Is the function $f(x,y) = -\log(x) \times \exp(y)$ convex?

Question

The function $f(x,y) = -\log(x) \times \exp(y)$, with $0 \le x \le 1$ and $\infty < y < \infty$, is the product of two convex functions $-\log(x)$ and $\exp(y)$. I know that the product of two convex functions may not be convex, but is this particular function $f(x,y)$ convex?

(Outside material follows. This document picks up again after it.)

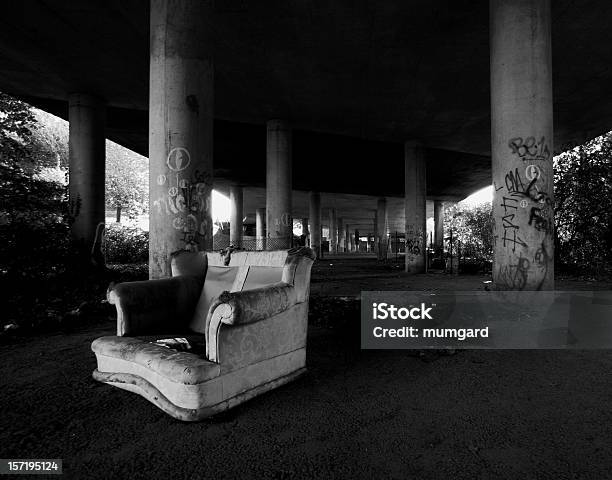 Abandonado Sillón A Un Paso Inferior Foto de stock y más banco de imágenes de Escena del crimen - Escena del crimen, Aire libre, Arcada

I plot the function in Python, it looks convex. How to prove it formally?

The code:

import numpy as np
import matplotlib.pyplot as plt
from mpl_toolkits.mplot3d import Axes3D

x = np.linspace(0.01,0.99,99)
y = np.linspace(-10,10,99)
X,Y = np.meshgrid(x,y)
Z = -np.log(X) * np.exp(Y)

fig = plt.figure(figsize=(10,6))
ax = fig.add_subplot(111, projection='3d')
ax.plot_surface(X,Y,Z)
ax.set_xlabel('x')
ax.set_ylabel('y')
ax.set_zlabel('f(x,z)')

The plot from different angles:

Answer 1

Let's calculate hessian:

$$\frac{\partial f}{\partial x}=\frac{-e^y}{x} \qquad , \qquad \frac{\partial f}{\partial y}=-\ln(x)y^y\\ h_{11}=\frac{\partial^2f}{\partial x^2}=\frac{e^y}{x^2} \qquad , \qquad h_{22}=\frac{\partial^2f}{\partial y^2}=-\ln(x)y^y\\ h_{12}=\frac{\partial^2f}{\partial x\partial y}=\frac{-e^y}{x} \quad \; ,\;\; \quad \; h_{12}=\frac{\partial^2f}{\partial x\partial y}=\frac{-e^y}{x} \quad \\ H=\begin{bmatrix}h_{11} &h_{12}\\ h_{21} &h_{22} \end{bmatrix} $$

To determine $f(x,y)$ is convex, is equivalent to determining $H$ is PSD or not. $H$ is symmetric, thus we need to investigate the sign of each eigenvalue. We have

$$\det(H) = \frac{-e^{2y}(\ln x+1)}{x^2}=\lambda_1\lambda_2\qquad,\qquad \text{tr}(H) =e^y\left( \frac{1}{x^2}-\ln x \right)= \lambda_1+\lambda_2 $$ $y$ has no effect on the sign of eigenvalues, thus we only need to investigate range of $x$. For $H$ to have any kind of structure (concave or convex) we need $\det(H)\ge0$, therefore $-(\ln x+1)\ge0 \Rightarrow x\in (0,\frac{1}{e})$. In this region ($x\in (0,\frac{1}{e})$) we have $-\ln x >1$ and $\frac{1}{x^2}>0$ and thus $\text{tr}(H)>0$ and therefore $f(x,y)$ is convex in this region. For the rest of the range $x\in[\frac{1}{e},1)$ the Hessian $H$ is indefinite and $f(x,y)$ has no meaningful structure.

Answer 2

It is quite clear from a simple plot that, for example, the restriction $f(x,3x)$ is not convex on $0<x<1$, therefore neither is $f(x,y)$.